4

while transfer learning / fine-tuning recent language models, such as BERT and XLNET, is by far a very common practice, how is this for GloVe?

Basically, I see two options when using GloVe to get dense vector representations that can be used by downstream NNs.

1) Fine-tune GloVe embeddings (in pytorch terms, gradient enabled)

2) Just use the embeddings without gradient.

For instance, given GloVe's embeddings matrix, I do

embed = nn.Embedding.from_pretrained(torch.tensor(embedding_matrix, dtype=torch.float))
...
dense = nn.Linear(...)

Is it best practice to solely use GloVe to get vector representation (and only train the dense layer and potentially other layers) or would one fine-tune the embeddings matrix, too?

pedjjj
  • 958
  • 3
  • 18
  • 40

2 Answers2

14

You should absolutely fine-tune your word embedding matrix. Here is the thing, when you initialize the word embedding matrix with the GloVe word embeddings, your word embeddings will already capture most of the semantic properties of the data. However, you want your word embeddings to be tailored to the task your solving i.e task specific (Check Yang). Now, assuming that you don't have enough data in your dataset, you can't learn the word embedding matrix on your own (If you initialize the word embedding matrix with random vectors).

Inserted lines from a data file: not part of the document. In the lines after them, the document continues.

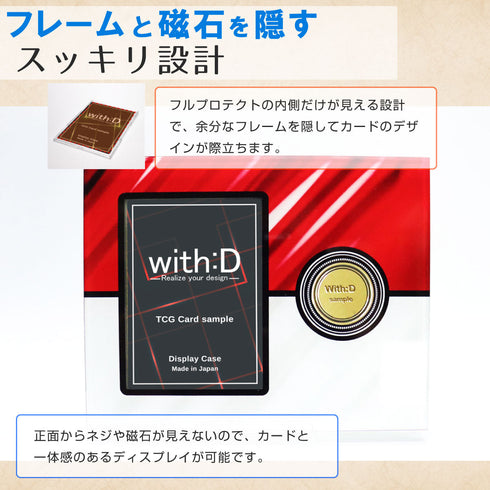 ネオジムスライドtype カード&コイン サイバーシティ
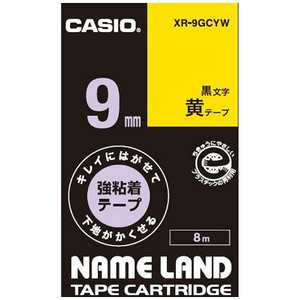 カシオ CASIO ネームランドテープ キレイにはがせて下地がかくせる強粘着テープ (黄/黒文字/9mm幅) XR-9GCYW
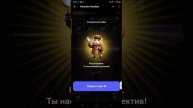 23июля Морзе хомяка #хомяк #hamstercombat #code #морзе #сегодня #шифр #23июля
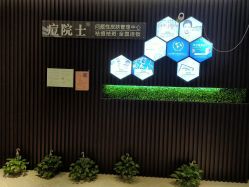 -痘院士专业祛痘皮肤管理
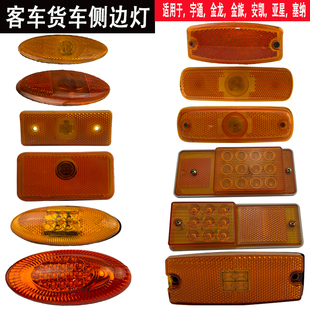 适用于货车客车清障车拖车金龙宇通申龙客车LED边灯侧转向标志灯
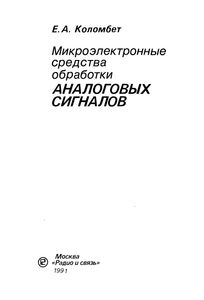 Микроэлектронные Средства Обработки Аналоговых Сигналов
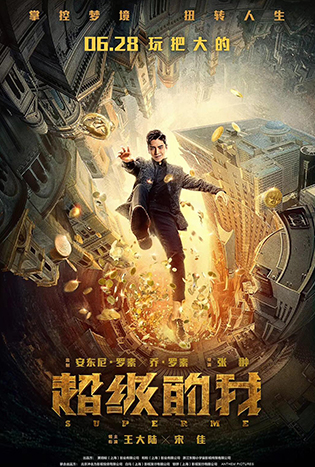Super Me (2019) ยอดมนุษย์สุดโต่ง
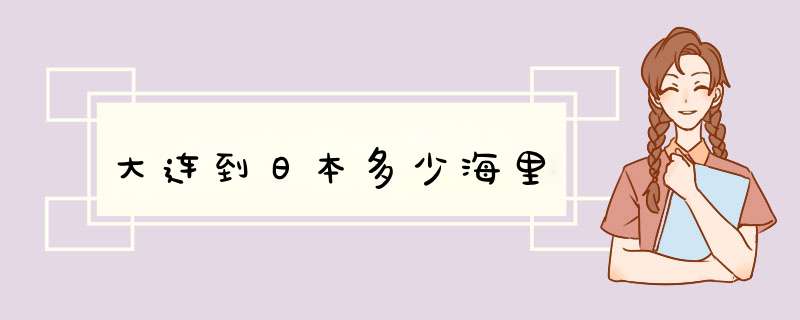 大连到日本多少海里,第1张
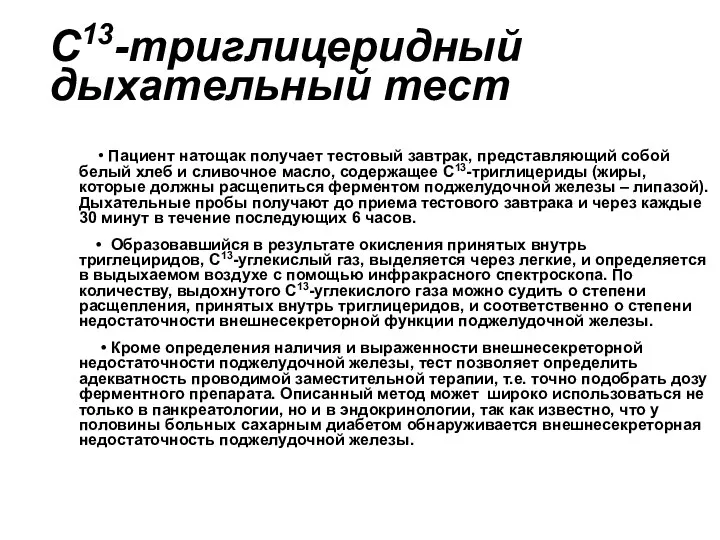 С13-триглицеридный дыхательный тест • Пациент натощак получает тестовый завтрак, представляющий собой белый хлеб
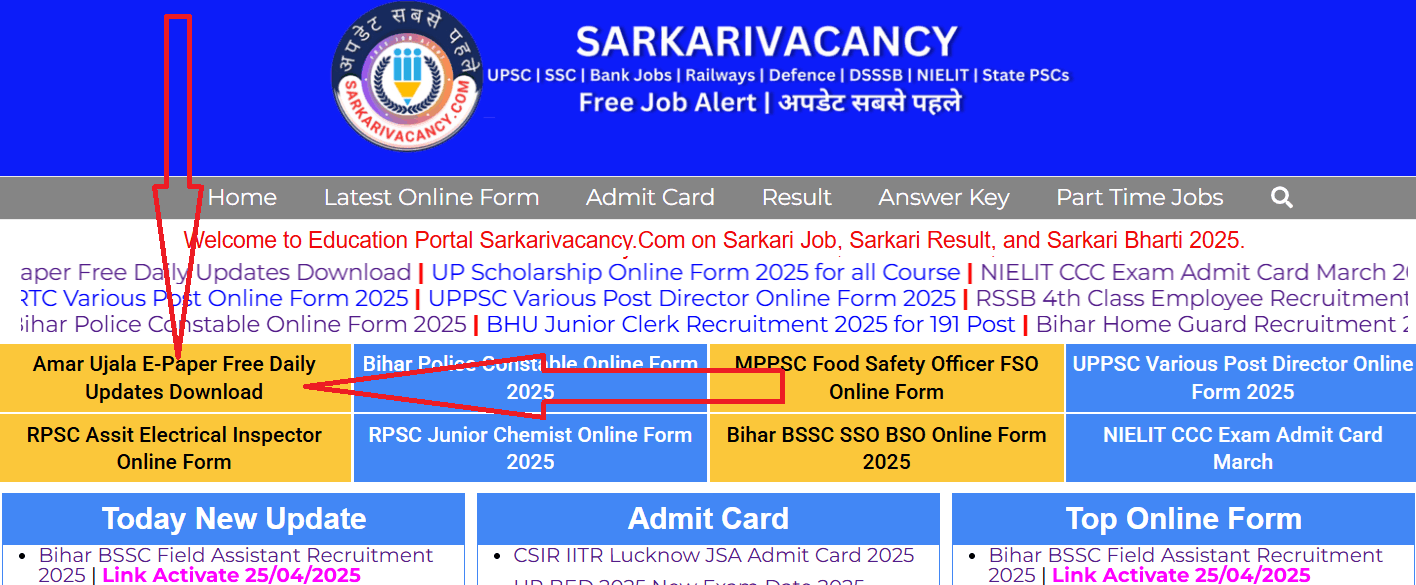 Amar Ujala E-Paper Free Daily Updates Download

Because of that, you want to initialize it with vectors that have been trained on huge datasets and are general.

One really important thing to keep in mind → Because the rest of your model is going to be initialized randomly, when you start training your word embedding matrix may suffer from catastrophic forgetting (Check the work of Howard and Ruder and Kirkpatrick et al.), i.e., the gradients will be huge because your model will drastically underfit the data for the first few batches, and you will lose the initial vectors completely. You can overcome this by:

  1. For the first several epochs don't fine-tune the word embedding matrix, just keep it as it is: embeddings = nn.Embedding.from_pretrained(glove_vectors, freeze=True).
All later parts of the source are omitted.